Updated on 17 Apr 2024 7 min read

Businesses across the globe are embarking on their digital transformation journeys to adapt to the constantly changing market dynamics and stay competitive. But a successful digital transformation journey is more than just adopting new tools and technologies. It requires a major shift in the organization’s operational practices. 

After all, at the heart of every business are its operations. To unlock the full potential of digital transformation initiatives, you must first implement operational transformation correctly. 

Let’s delve into how organizations can digitize and optimize their operations to achieve.
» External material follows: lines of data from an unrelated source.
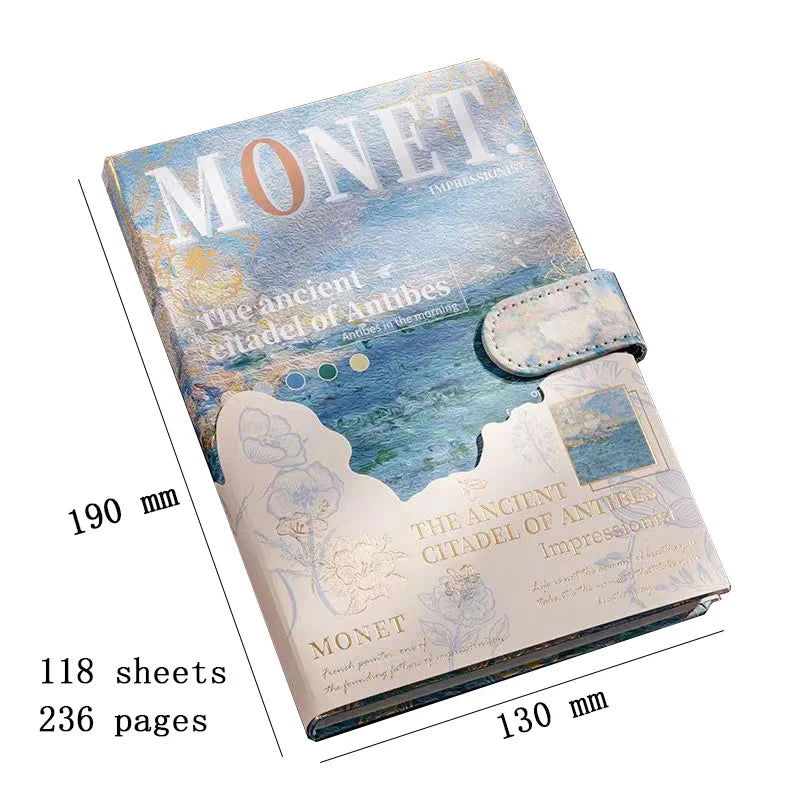 Beautiful Retro Notebook Classic Design Monet Oil Painting Color Page Illustration Hardcover Diary Student Notepad - Slobuy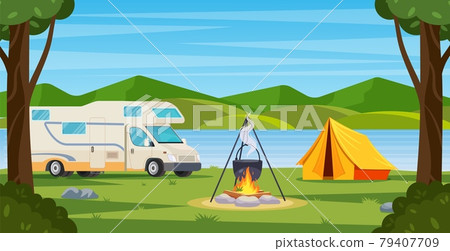 Summer camp in forest with bonfire, tent, backpack and lantern. Summer camp in forest with bonfire, tent, backpack and lantern. 79407709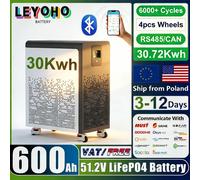 Batterie au Lithium 48V 600Ah LiFePO4 30Kwh avec roues 51.2V 100Ah 300Ah, plus de 6000 Cycles, Bluetooth CAN RS485 BMS, STOCK ue 48V 100Ah 5.12Kw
Understanding Operational Transformation in the digital transformation era:

Operational transformation is modernizing, re-imagining, and transforming core operations in an organization to boost technological innovation, improve customer satisfaction, and increase margins. Implementing operational transformation in the right way can help organizations unlock the full potential of their operations and add agility to processes. 

According to a report by McKinsey, digital transformation efforts fail almost 70 percent of the time. One of the major reasons behind it is that operational transformation either gets neglected or is never a part of the digitalization strategy. 

With so much focus on buying software or building solutions to add more capabilities to ERP, CRM, and data analytics processes, operational-level applications get ignored because IT doesn’t see them as a priority. 

Key drivers of Operational transformation:

But the fact is – Successful digital transformation can only be achieved through successful operational transformation.

As a crucial component of every digital transformation strategy, here are the key drivers of operational transformation. 

A Messy Middle - Internal Business Operations

The messy middle is everything present in the middle of CRM and ERP systems, including internal processes like product management, HR, and general company operations.

With a lack of uniformity and consistency, the messy middle is full of numerous disparate applications, which take up more time than they can save. There could be small pockets of productivity, but mostly the messy middle has delays, inconsistencies, and inefficiencies. 

With a unified operation management platform supported by operational transformation, it's possible to streamline internal operations and, in turn, fix the messy middle. 

Evolving Customer Expectations:

Digitization has also transformed customer habits. Today’s customers expect a seamless omnichannel experience across the board.

According to research, 35 percent of business executives believe digital transformation has helped them meet customer expectations, and 40 percent believe it has helped improve operational efficiency.

But you need to do more than streamline your CRM systems and expect to provide a great customer experience. Streamlining internal operations is important to cater to continuously evolving customer expectations.

Market Dynamics:

Digital transformation is not a one-and-done process. It's a continuous process that requires companies to constantly iterate their digital efforts to stay competitive and evolve with the changing market dynamics. Doing so requires the right processes, people, and tools to plan the next step of digital transformation and operational transformation.

Disparate Systems:

While organizations may already have CRM at the front end and ERP at the back end, there is no unified solution to solve the messy middle problem. Instead, different departments implement their solutions or upgrade the existing systems. Each department may end up using a different platform to manage its processes, and these disparate systems can create data silos. 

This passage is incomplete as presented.